(RECORDS PROVIDED Opens)
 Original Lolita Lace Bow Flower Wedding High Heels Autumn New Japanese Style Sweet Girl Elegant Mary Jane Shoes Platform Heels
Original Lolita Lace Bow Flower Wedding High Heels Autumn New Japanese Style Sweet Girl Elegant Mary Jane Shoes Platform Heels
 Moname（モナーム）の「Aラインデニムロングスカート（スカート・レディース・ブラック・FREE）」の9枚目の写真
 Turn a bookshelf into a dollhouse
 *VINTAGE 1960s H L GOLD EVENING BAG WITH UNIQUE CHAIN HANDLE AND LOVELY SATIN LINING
(RECORDS PROVIDED Closes)
(RECORDS PROVIDED Opens)
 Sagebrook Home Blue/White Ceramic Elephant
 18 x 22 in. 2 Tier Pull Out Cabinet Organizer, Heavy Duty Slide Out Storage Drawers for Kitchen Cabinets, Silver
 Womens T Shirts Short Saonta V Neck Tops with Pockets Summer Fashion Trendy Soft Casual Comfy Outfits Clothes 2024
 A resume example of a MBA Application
(RECORDS PROVIDED Closes)
### TASK DETAILS
Quote the data above from the line containing "Sagebrook Home Blue/White Ceramic Elephant" to the line containing "A resume example of a MBA Application", inclusive, and stop.

### RESPONSE AREA
 Sagebrook Home Blue/White Ceramic Elephant
 18 x 22 in. 2 Tier Pull Out Cabinet Organizer, Heavy Duty Slide Out Storage Drawers for Kitchen Cabinets, Silver
 Womens T Shirts Short Saonta V Neck Tops with Pockets Summer Fashion Trendy Soft Casual Comfy Outfits Clothes 2024
 A resume example of a MBA Application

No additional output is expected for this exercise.